Le quatrième couac de ce référendum est la probable absence d'observateurs étrangers. Il n'y a pas un pays démocratique au monde qui n'invite pas d'observateurs étrangers à un rendez-vous électoral. Il y a toujours des observateurs étrangers (généralement des ONG et des journalistes) dans les élections que ce soit aux Etats-Unis, en France ou en Inde.
Or Kaïs Saïed rejette cette règle universelle et déclare que la Tunisie est indépendante et n'a pas besoin qu'on surveille ses élections. Il remet carrément en doute l'intégrité de ces observateurs étrangers qui ont validé, d'après lui, d'anciennes élections frauduleuses.
Rien qu'avec cette déclaration, Kaïs Saïed jette le doute sur son référendum et sur les législatives de décembre 2022. Pourquoi va-t-on croire en l'intégrité de ses élections et de son Isie, alors qu'il a lui-même avoué que son pays a organisé, par le passé, des élections frauduleuses. Pourquoi va-t-on croire en l'intégrité d'un scrutin sans observateurs, alors que ce pays a réussi à frauder lors de scrutins où il y en avait ! Qui peut le plus peut le moins !

Dernier point relatif au référendum et c'est un secret de Polichinelle, Kaïs Saïed n'a rien prévu au cas où le peuple dise non à son scrutin. Le calendrier qu'il a établi et le processus qu'il est en train de mener est exclusivement basé sur une adhésion du peuple à son projet. A aucun moment, il n'a dit ce qui se passerait au cas où le « non » l'emporterait.

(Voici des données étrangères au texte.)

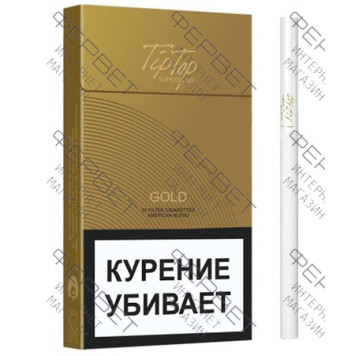 Сигареты Tip Top Gold Super Slim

Pense-t-il transformer l'échec en succès comme il l'a fait avec sa consultation ? Bon à rappeler, il a estimé que cette consultation était un franc succès alors qu'il n'y a eu que cinq cent mille participants sur les trois millions ambitionnés au départ.
Théoriquement, si le « non » l'emporte, le président de la République devrait immédiatement démissionner et organiser une présidentielle. C'est comme ça que fonctionnent les démocraties.
Kaïs Saïed n'a pas prévu le « non », il n'a jamais évoqué le sujet et agit comme si le « oui » allait l'emporter. Comme si les résultats étaient préparés à l'avance.
Quand on voit comment et qui il a nommé à l'Isie, qu'il veut éviter tout grain de sable que peut apporter un observateur tunisien ou étranger et qu'il retarde au maximum tout débat autour de son projet, il parait évident que le président cherche à passer sa constitution en force, comme il l'a toujours fait depuis le 25 juillet 2021.
Le 25 juillet 2022 ne sera pas un rendez-vous référendaire, ce sera juste un simulacre démocratique.